Die Bewilligung von Kurzarbeitergeld erfolgt in jedem Fall nur vorläufig. Nach Abschluss der Kurzarbeit erfolgt in jedem Fall eine sogenannte Abschlussprüfung, um in einer Rückschau festzustellen, ob und in welcher Höhe tatsächlich ein Anspruch bestand.

Hintergrund ist, dass die Bewilligung des Kug aufgrund der bestehenden Notlage zunächst einmal möglichst schnell und unbürokratisch erfolgen soll.
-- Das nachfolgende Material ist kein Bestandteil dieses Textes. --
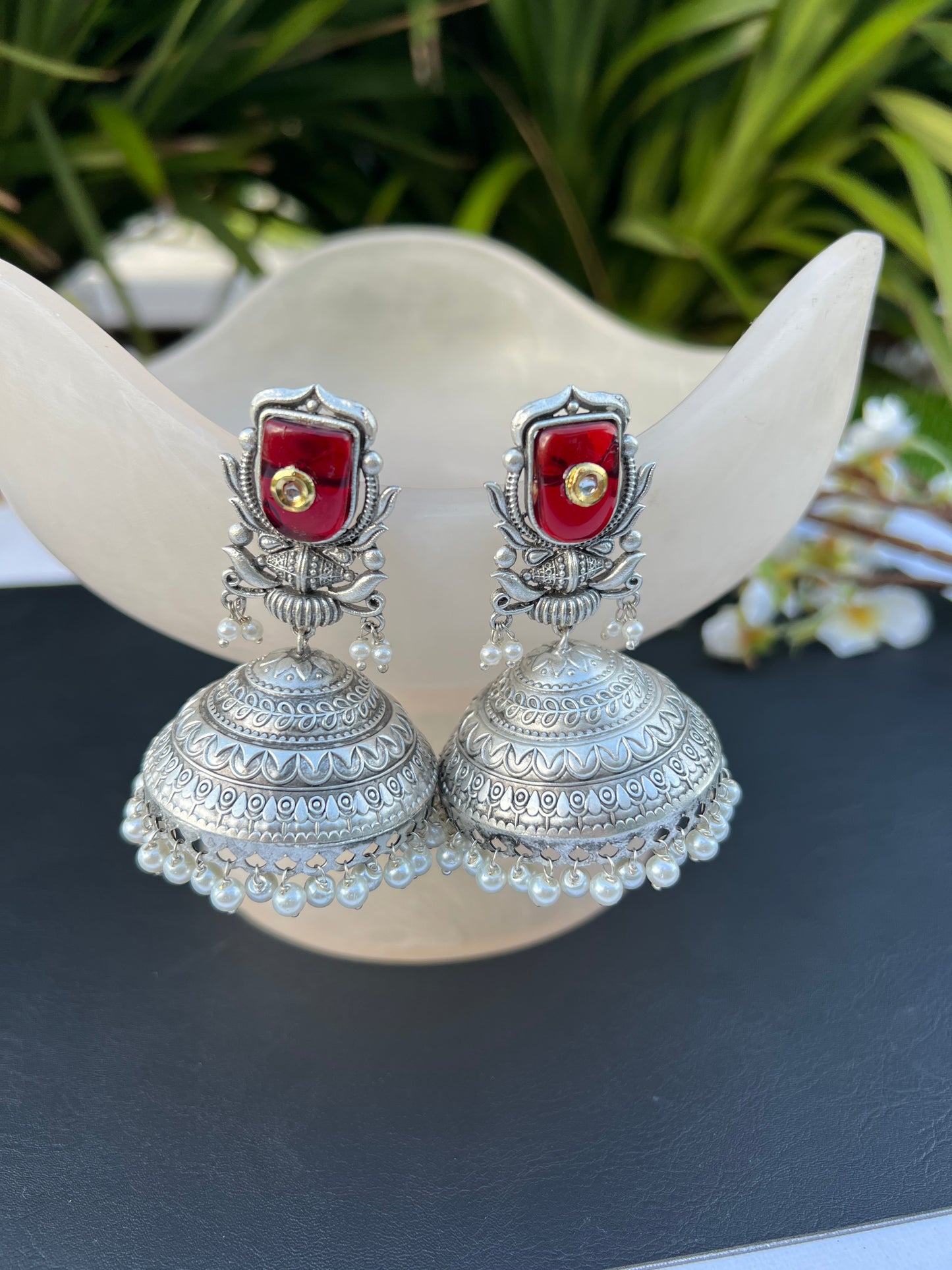 Shuchi jhumka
Eine genauere Überprüfung findet daher sinnvollerweise erst im Nachhinein statt.

IHK-Praxistipp: Die Abschlussprüfung muss in jedem Fall von gewährtem Kurzarbeitergeld erfolgen. Eine Aufforderung zur Einreichung von Unterlagen zwecks Abschlussprüfung bedeutet also nicht, dass bereits irgendwelche inhaltlichen Zweifel am Anspruch auf Kurzabeitergeld bestehen. Dennoch sollten Sie sorgfältig im Rahmen der Nachprüfung alle geforderten Angaben machen und Unterlagen zur Verfügung stellen.

Wie hoch ist das Kurzarbeitergeld?

Kug berechnet sich nach dem sogenannten "Nettoentgeltausfall": Es kommt darauf an, wieviel Nettoentgelt dem Arbeitnehmer durch die Verkürzung der Arbeitszeit entgeht. Dabei erfolgt die Berechnung anhand eines pauschalierten Nettoentgelts. Das pauschalierte Nettoentgelt wird auf der Basis eines pauschalen Sozialversicherungs- und Steuerabzugs in der jeweiligen Steuerklasse berechnet. Etwaige individuelle Merkmale, wie z. B. ein Freibetrag für Werbungskosten oder ähnliches bleiben unberücksichtigt. Die Bundesagentur für Arbeit stellt hierfür Berechnungstabellen zur Verfügung.

Das Kurzarbeitergeld beträgt 60 % des entfallenen pauschalierten Nettoentgelts.

Wenn mindestens ein Kind im Haushalt lebt, beträgt das Kurzarbeitergeld 67 % des entfallenen pauschalierten Nettoentgelts.

Wie lange wird Kurzarbeitergeld gezahlt?

Das Kurzarbeitergeld wird für den Zeitraum des Arbeitsausfalles gezahlt. Die Zahlung beginnt frühestens in dem Monat, in dem die Anzeige der Kurzarbeit bei der Bundesagentur für Arbeit eingegangen ist.

Die gesetzliche Bezugsfrist für Kurzarbeitergeld beträgt maximal 12 Monate gemäß § 104 Abs. 1 SGB III.

Achtung: Diese Bezugsfrist kann durch Verordnung verlängert werden. Von dieser Befugnis wurde aktuell Gebrauch gemacht und mit einer am 18.12.2024 beschlossenen Verordnung die maximale Bezugsdauer für das Arbeitslosengeld auf 24 Monate verlängert.

Wichtig: Die maximale Bezugsdauer gilt einheitlich für den gesamten Betrieb bzw. die von Kurzarbeit betroffene Abteilung.